Tweede middel: Schending van het recht op rechterlijke bescherming en van het recht op een openbaar proces.

Het Gerecht voor ambtenarenzaken was van oordeel dat het op de stukken kon beslissen en heeft de procedure niet voortgezet, maar bij met redenen omklede beschikking beslist. Deze beslissing heeft inbreuk gemaakt op rekwirantes recht op volledige rechterlijke bescherming. Conticchio is namelijk niet in de gelegenheid gesteld haar redenen uiteen te zetten noch heeft zij nader kunnen ingaan op de eventuele gronden van niet-ontvankelijkheid en/of ongegrondheid van haar beroep. Aldus is het beginsel van een billijk proces geschonden. In dat verband verdient vermelding dat in artikel 41 van het Handvest van de grondrechten van de Europese Unie het recht op behoorlijk bestuur is neergelegd, opgevat als het recht van eenieder dat zijn zaken door de instellingen en organen van de Unie onpartijdig, billijk en binnen een redelijke termijn worden behandeld. Dat recht behelst onder meer het recht van eenieder te worden gehoord voordat jegens hem een voor hem nadelige individuele maatregel wordt genomen.
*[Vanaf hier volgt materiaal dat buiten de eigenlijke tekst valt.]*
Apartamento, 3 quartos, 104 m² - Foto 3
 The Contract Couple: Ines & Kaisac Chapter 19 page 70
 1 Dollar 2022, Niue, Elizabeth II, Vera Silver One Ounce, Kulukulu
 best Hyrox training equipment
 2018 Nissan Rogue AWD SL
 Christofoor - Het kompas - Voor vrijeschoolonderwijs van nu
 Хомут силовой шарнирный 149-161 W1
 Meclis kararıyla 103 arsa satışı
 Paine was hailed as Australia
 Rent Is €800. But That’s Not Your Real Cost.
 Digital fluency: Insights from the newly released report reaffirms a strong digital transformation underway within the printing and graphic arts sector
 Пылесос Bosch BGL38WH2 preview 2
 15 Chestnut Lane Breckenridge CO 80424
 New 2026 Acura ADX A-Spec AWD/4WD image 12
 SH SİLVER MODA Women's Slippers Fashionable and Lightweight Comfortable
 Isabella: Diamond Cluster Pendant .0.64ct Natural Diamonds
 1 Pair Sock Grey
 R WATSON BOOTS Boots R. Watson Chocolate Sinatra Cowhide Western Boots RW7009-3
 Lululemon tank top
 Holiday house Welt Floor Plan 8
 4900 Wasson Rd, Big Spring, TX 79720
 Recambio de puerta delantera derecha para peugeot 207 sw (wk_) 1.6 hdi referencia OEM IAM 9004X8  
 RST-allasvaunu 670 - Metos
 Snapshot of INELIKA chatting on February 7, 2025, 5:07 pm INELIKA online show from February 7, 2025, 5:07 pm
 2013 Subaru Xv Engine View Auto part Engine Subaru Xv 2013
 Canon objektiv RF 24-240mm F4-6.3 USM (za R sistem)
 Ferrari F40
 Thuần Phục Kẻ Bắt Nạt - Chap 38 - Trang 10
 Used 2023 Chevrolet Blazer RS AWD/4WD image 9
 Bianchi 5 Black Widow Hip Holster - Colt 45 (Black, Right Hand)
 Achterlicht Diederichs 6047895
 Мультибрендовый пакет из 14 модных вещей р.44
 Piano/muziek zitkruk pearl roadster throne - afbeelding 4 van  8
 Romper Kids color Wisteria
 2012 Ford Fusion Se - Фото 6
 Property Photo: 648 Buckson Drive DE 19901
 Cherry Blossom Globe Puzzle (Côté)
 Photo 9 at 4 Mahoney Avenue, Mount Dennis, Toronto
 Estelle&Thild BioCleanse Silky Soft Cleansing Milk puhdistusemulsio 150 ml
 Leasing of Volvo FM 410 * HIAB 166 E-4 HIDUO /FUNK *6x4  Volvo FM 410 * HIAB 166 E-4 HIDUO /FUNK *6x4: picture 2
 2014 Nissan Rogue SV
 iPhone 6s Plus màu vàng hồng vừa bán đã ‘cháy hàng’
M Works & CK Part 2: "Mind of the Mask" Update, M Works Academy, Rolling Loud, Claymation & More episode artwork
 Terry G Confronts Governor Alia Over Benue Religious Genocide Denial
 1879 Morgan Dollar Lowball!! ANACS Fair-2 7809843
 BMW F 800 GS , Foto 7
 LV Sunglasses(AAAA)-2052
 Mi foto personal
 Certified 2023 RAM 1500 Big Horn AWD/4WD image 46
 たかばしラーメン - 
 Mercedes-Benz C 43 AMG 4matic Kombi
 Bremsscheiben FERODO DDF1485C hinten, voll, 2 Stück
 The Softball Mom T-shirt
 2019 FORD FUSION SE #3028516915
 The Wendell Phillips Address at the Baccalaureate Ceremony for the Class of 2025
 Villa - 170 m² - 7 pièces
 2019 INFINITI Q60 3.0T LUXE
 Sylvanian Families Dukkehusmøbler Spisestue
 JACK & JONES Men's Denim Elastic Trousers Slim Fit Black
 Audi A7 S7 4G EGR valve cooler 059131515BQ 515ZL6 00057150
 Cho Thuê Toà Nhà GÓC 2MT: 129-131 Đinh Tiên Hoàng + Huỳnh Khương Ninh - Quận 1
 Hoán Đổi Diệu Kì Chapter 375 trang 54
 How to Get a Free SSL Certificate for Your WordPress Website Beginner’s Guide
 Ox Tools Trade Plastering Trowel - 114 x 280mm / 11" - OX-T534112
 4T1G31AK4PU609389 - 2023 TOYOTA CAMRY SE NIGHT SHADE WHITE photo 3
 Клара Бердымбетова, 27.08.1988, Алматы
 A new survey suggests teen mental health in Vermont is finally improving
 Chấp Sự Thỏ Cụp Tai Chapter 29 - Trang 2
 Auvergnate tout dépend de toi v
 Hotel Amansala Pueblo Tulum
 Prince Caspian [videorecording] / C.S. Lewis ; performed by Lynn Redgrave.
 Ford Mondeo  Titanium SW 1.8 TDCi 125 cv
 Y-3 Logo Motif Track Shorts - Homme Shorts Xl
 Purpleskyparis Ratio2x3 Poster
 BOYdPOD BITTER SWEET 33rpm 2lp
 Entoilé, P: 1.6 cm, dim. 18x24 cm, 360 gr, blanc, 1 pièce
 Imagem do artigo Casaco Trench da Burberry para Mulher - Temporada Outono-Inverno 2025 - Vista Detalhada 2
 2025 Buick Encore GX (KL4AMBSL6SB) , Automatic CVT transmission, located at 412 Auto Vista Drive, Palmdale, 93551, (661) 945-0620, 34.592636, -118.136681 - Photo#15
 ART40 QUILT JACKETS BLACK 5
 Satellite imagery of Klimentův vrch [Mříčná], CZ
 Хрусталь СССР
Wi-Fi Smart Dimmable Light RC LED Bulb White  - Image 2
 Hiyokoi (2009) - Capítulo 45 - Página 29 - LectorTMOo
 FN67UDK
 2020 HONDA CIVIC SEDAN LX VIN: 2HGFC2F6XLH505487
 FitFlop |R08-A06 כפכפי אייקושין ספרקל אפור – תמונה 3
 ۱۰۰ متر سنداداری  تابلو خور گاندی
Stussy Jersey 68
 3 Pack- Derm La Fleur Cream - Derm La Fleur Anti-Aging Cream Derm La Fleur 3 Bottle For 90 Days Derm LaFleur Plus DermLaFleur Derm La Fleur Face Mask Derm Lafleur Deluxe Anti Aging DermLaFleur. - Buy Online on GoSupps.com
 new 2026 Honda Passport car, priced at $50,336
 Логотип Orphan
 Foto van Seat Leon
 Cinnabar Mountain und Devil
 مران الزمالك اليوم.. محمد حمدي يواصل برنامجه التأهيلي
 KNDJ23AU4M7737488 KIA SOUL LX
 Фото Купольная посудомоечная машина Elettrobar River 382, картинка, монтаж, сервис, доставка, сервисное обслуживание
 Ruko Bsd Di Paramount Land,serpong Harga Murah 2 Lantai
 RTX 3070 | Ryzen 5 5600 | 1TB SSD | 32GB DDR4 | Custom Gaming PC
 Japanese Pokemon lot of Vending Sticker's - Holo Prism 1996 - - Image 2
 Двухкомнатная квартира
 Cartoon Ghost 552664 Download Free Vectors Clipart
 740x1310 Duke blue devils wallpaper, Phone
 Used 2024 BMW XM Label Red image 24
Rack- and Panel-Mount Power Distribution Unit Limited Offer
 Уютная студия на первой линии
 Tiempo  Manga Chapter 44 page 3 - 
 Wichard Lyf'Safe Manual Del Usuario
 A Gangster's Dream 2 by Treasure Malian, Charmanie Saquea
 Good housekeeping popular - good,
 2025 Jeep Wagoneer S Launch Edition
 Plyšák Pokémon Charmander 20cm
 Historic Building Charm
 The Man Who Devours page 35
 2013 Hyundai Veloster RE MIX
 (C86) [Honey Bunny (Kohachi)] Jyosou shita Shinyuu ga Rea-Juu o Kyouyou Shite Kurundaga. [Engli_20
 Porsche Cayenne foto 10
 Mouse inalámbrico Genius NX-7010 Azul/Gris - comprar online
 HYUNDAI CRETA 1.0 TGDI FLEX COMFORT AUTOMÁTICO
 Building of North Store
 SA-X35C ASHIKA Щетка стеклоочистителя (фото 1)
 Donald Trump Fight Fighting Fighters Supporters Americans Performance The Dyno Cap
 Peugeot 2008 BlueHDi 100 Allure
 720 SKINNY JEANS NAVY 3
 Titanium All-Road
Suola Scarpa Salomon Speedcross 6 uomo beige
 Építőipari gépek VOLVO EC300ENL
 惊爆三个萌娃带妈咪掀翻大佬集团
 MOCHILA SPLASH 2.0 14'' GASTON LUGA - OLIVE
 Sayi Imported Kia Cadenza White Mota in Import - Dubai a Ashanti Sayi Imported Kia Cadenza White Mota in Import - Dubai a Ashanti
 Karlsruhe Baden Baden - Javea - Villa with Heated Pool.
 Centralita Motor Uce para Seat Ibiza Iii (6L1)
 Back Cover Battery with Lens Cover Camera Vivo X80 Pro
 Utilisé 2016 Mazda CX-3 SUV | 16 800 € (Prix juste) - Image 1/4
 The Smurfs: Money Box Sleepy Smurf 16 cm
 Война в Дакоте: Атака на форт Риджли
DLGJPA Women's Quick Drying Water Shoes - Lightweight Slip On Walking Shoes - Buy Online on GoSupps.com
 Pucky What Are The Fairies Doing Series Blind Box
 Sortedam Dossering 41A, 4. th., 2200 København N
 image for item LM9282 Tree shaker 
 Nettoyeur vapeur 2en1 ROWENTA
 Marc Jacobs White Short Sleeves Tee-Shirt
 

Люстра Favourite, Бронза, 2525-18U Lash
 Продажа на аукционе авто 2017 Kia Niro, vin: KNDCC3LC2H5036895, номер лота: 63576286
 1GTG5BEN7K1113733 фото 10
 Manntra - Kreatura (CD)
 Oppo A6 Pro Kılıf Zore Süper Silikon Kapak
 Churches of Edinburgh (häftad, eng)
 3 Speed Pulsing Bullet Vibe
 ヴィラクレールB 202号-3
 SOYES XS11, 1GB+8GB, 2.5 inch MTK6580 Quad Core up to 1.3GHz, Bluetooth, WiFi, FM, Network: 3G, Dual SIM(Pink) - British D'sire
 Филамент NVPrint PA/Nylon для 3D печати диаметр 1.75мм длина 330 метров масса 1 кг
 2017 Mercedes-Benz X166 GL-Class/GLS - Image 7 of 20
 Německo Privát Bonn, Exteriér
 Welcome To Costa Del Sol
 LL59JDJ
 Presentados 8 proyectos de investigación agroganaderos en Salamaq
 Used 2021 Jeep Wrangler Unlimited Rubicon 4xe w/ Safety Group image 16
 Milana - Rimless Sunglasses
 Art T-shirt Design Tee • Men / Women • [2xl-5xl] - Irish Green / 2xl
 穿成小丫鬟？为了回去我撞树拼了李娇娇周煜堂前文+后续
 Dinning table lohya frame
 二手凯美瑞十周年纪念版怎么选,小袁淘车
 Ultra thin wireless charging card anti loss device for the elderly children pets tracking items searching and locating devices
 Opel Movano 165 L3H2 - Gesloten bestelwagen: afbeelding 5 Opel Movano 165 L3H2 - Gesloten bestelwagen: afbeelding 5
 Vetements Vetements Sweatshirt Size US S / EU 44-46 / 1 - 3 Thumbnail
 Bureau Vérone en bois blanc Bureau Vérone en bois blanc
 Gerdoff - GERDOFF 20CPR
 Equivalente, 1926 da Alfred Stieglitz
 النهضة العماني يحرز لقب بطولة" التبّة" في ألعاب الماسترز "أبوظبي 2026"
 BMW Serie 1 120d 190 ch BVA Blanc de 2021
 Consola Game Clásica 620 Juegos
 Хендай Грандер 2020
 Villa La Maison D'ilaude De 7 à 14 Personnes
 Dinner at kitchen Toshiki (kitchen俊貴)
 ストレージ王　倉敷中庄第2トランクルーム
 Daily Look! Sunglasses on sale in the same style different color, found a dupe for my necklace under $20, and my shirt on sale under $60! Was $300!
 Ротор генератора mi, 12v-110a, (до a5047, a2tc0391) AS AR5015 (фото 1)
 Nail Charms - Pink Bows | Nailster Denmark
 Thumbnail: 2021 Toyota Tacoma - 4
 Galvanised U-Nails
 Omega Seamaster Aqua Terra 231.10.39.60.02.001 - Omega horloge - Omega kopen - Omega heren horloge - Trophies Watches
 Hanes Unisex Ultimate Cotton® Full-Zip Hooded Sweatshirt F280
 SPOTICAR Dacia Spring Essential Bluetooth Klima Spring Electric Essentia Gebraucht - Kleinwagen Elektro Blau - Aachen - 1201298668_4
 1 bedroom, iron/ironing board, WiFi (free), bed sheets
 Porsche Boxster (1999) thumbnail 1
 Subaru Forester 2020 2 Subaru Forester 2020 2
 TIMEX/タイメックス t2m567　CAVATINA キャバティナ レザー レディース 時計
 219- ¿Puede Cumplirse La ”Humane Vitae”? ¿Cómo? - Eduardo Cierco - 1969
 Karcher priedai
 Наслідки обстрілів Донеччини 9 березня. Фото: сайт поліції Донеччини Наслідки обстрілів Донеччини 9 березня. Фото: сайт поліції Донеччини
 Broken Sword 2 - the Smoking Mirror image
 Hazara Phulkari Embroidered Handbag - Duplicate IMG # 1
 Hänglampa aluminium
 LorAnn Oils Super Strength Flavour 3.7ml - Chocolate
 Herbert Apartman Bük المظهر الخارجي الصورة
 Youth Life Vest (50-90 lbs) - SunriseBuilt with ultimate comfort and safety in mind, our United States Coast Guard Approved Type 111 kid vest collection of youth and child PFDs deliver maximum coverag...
Derde middel: Ongerechtvaardigde verrijking - Schending van het recht op een behoorlijke procedure.

Het beroep is niet te laat ingesteld, aangezien de onderdelen van het onderhavige middel aan de hand van het loonstrookje op geen enkele manier konden worden vastgesteld. Rekwirante heeft pas op het moment waarop zij het besluit betreffende de berekening van het pensioen heeft ontvangen, namelijk op 26 mei 2010, kunnen vaststellen dat de Commissie ongerechtvaardigd was verrijkt. Rekwirante is er namelijk nooit volledig van op de hoogte geweest hoe hoog de gestorte premies waren, aangezien zij daarover nooit mededelingen van de verantwoordelijke diensten van de Commissie heeft ontvangen. Daarnaast is de actuariële tegenwaarde van de pensioenpremies die voordien in Italië aan het INPS waren gestort, aan de Commissie overgemaakt door ze aan de pensioenregeling van de Gemeenschappen over te schrijven, waardoor een wanverhouding is ontstaan tussen het pensioen dat rekwirante ontvangt en de premies die zij gedurende haar loopbaan heeft gestort. De administratie heeft zodoende eerst premies van een bepaalde hoogte gevorderd en vervolgens een bepaalde anciënniteit toegewezen die lager is dan het daadwerkelijke aantal loopbaanjaren, zodat de administratie ongerechtvaardigd is verrijkt ten koste van haar ambtenaren.